Select Committee on European Union Thirty-Fourth Report



What this Report is about

At the December 2005 European Council the EU set itself the challenge of creating a new partnership with Africa with the primary objective of achievement of the UN Millennium Development Goals (MDGs). The Strategy adopted emphasises peace, security and good governance as the prerequisites for sustainable development in Africa, alongside economic growth and regional integration. The Strategy complements and builds on the many international commitments to Africa made in 2005.

We believe that the EU has correctly identified what needs to be done and must now deliver. It is well placed to do so given the combination of longstanding relationships between many European and African states and the EU's multilateral perspective. A number of challenges remain, however. This Report considers what more needs to be done in order to implement the Strategy and to ensure that the EU's policies towards Africa are coherent and co-ordinated.

Many of the difficulties of implementation derive from basic tensions which the Strategy does not tackle: lack of co-ordination between different directorates-general within the Commission, between the Commission and the Council Secretariat and between the EU institutions and the Member States; uncertainty as to sources of funding; and different policies for different regions of Africa. None of these difficulties are insurmountable, but they need to be addressed before the Strategy's aims can be met.

The Strategy stresses the need for African ownership and responsibility for Africa's own development. Therefore the EU Member States need not only to work together, but to work with African states and regional organisations. Accordingly the EU's first priority must be to help build Africans' capacity to deal with their own affairs such as the promotion of good governance through the African Peer Review Mechanism (APRM) and peacekeeping missions led by the African Union (AU).

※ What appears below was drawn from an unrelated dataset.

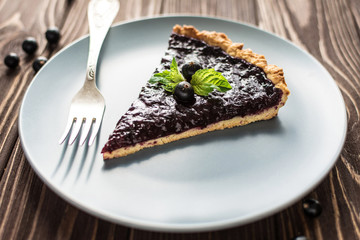 Homemade summer berry tart on a wooden background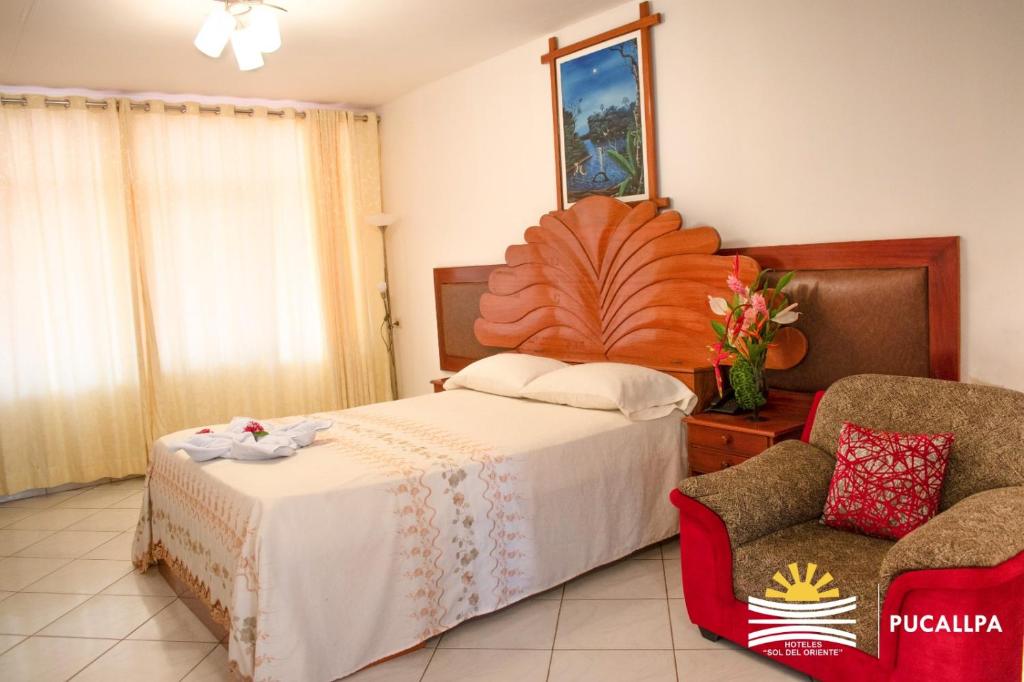 A bed or beds in a room at Hotel Sol del Oriente Pucallpa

The ultimate aim of both the EU and the AU is a genuinely joint strategy for Africa. We believe this is possible, but only if certain conditions are met: a second EU-Africa summit must be held; some rationalisation of both European and African institutions must take place in order to avoid duplication and turf-fighting; and, above all, the EU must not forget the promises it has made, but actively strive towards fulfilment of the commitments contained within its Strategy for Africa and, in particular, the effective implementation of agreements with the African Union.